As soon as she released her grip on his face he dropped his gaze to the floor. "I don't expect you to understand, Morgana," he croaked. "You have no sense of duty, no sense of loyalty."
"You're wrong," Morgana said softly. She forced him to look at her again. "Don't think I don't understand loyalty just because I have no one left to be loyal to."
There was a time when she had been utterly loyal to him. The remorse in his eyes sparked an answering ache of regret in her chest for what they had nearly had and all they had lost.
Under her hand, his chin was rough with two days' growth of dark bristles. She stroked her thumb against the sharp cheekbones and his blue eyes widened. His breathing quickened and stirred the hair beside her ear.
Their faces were so close that the tiniest movement brought her mouth into contact with his. She moved her head slightly so her lips brushed against his, barely touching, her gaze holding his.
The blue of his eyes darkened and then his mouth was pressed against hers.
She gripped his chin tighter as she returned the kiss with equal passion, her eyelids closing while her mouth opened under his.
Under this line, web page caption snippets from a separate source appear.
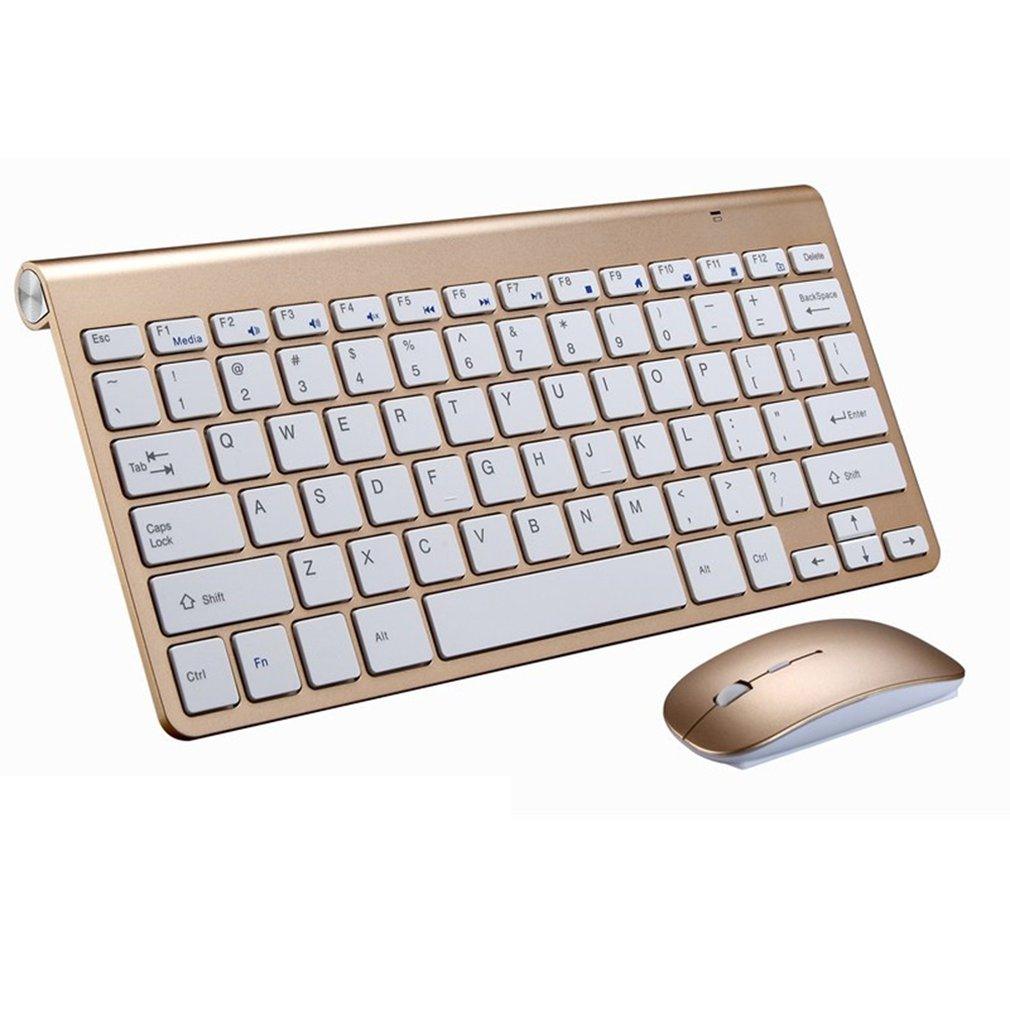 a computer keyboard sitting next to a mouse 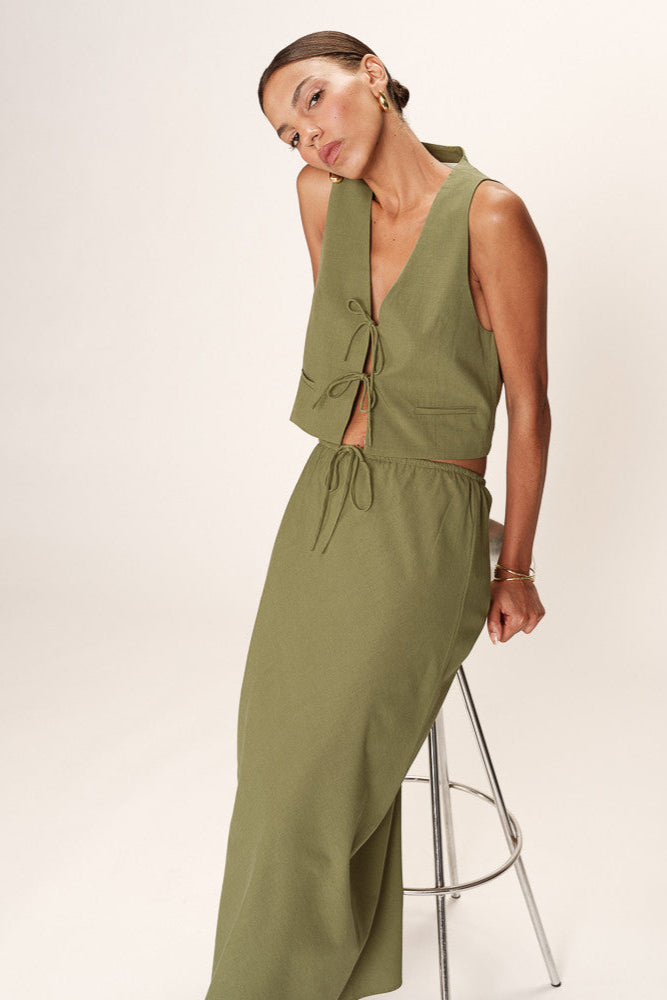 Woman wearing a green sleeveless jumpsuit on a white background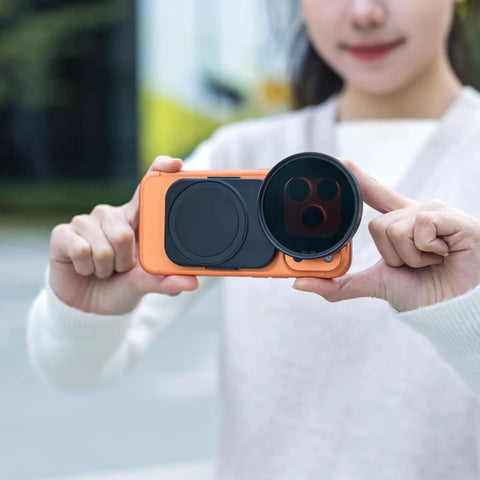 Person holding 67mm Magnetic Double Sided Phone Lens Filter Adapter Mount With Cold Shoe for iPhone in use outdoors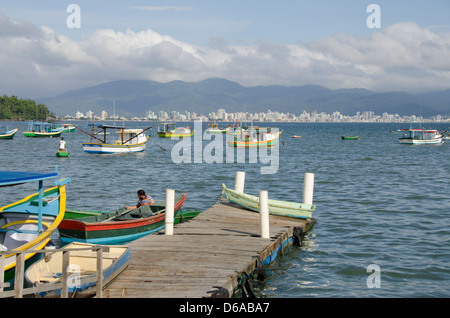 Brazil, state of Santa Catarina, Porto Belo. Colorful local fishing boats with city skyline in distance. Stock Photo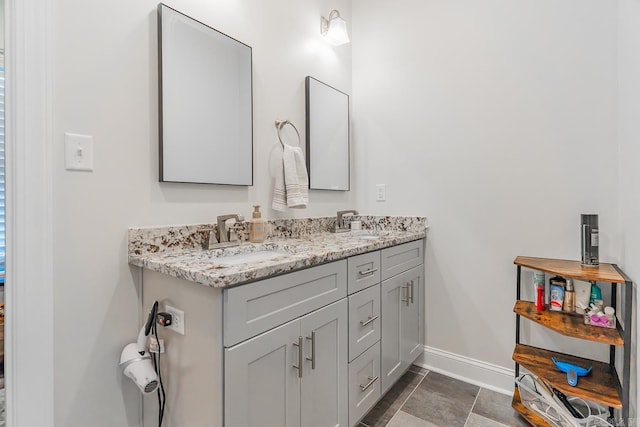 bathroom with a sink, baseboards, and double vanity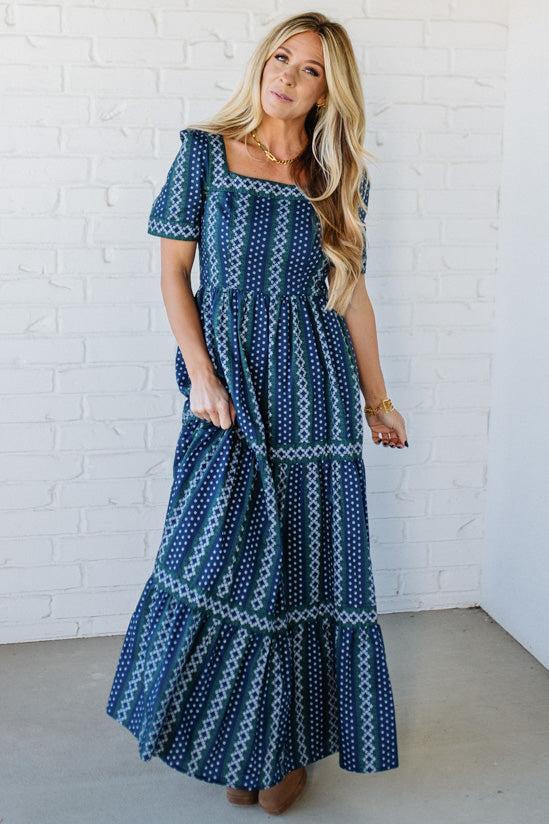 Woman wearing a blue patterned dress against a white brick wall.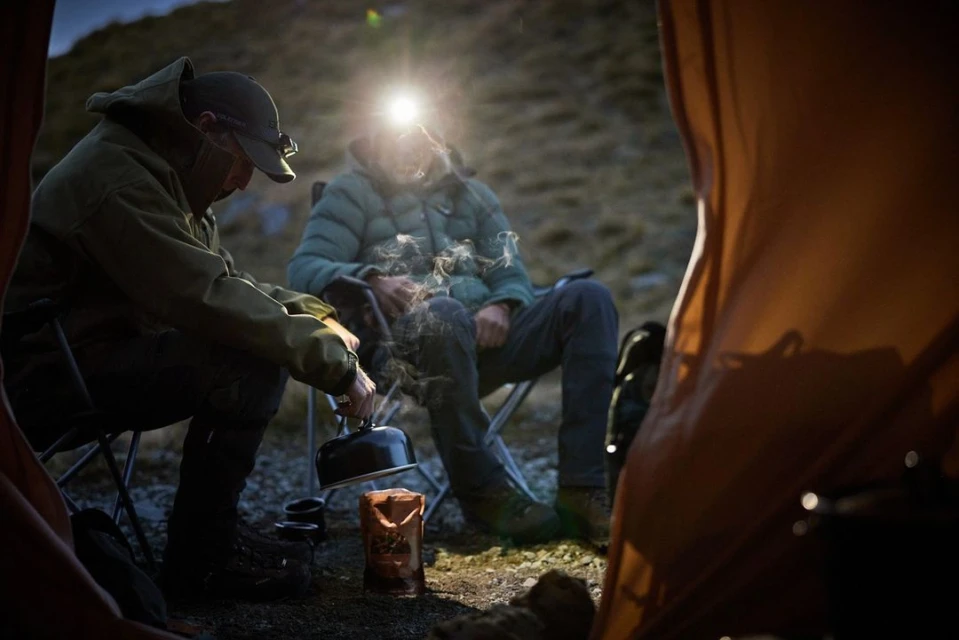 Two men camping outdoors, one pouring from a kettle next to a tent, under a headlamp in a dim, natural outdoor environment.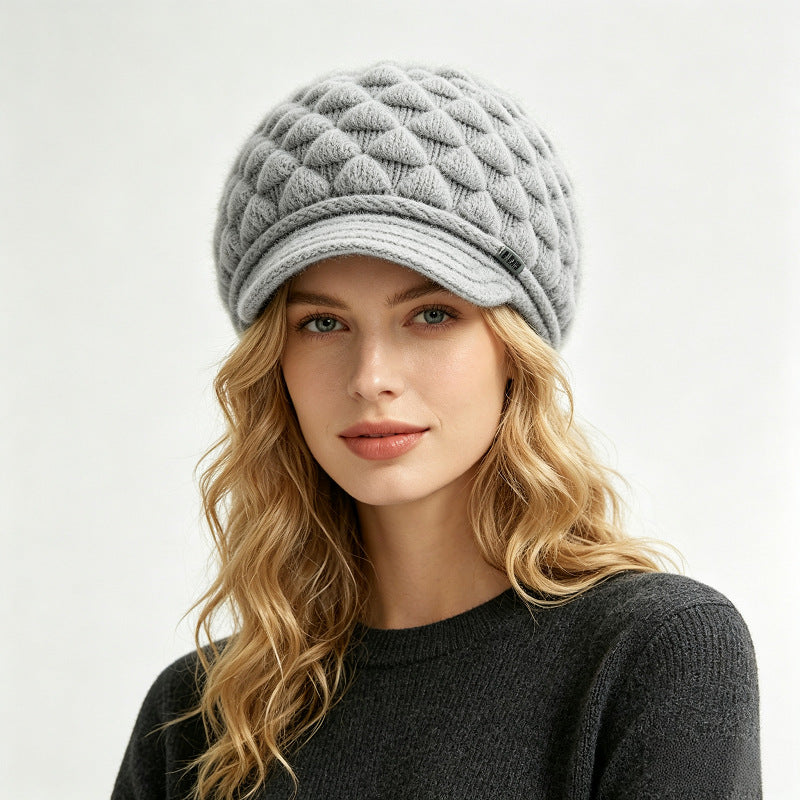 Gray fleece-lined knit beanie with quilted texture and ribbed cuff brim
The scent and taste of him overpowered her thoughts, her plans, even the memory of why she hated him now as much as she had once loved him.
They broke apart slowly, air beginning to seep back into her lungs as her present circumstances seeped back into her mind.
His chin dropped and he stared at the ground.
Morgana placed her hand on his wound and incanted a spell that would speed the healing. She needed him to live long enough to accomplish the task she had in mind. Watching with satisfaction as he was unable to keep his eyes from closing, Morgana placed her hand on Merlin's head to complete the spell and left him hanging by his wrists from the ceiling.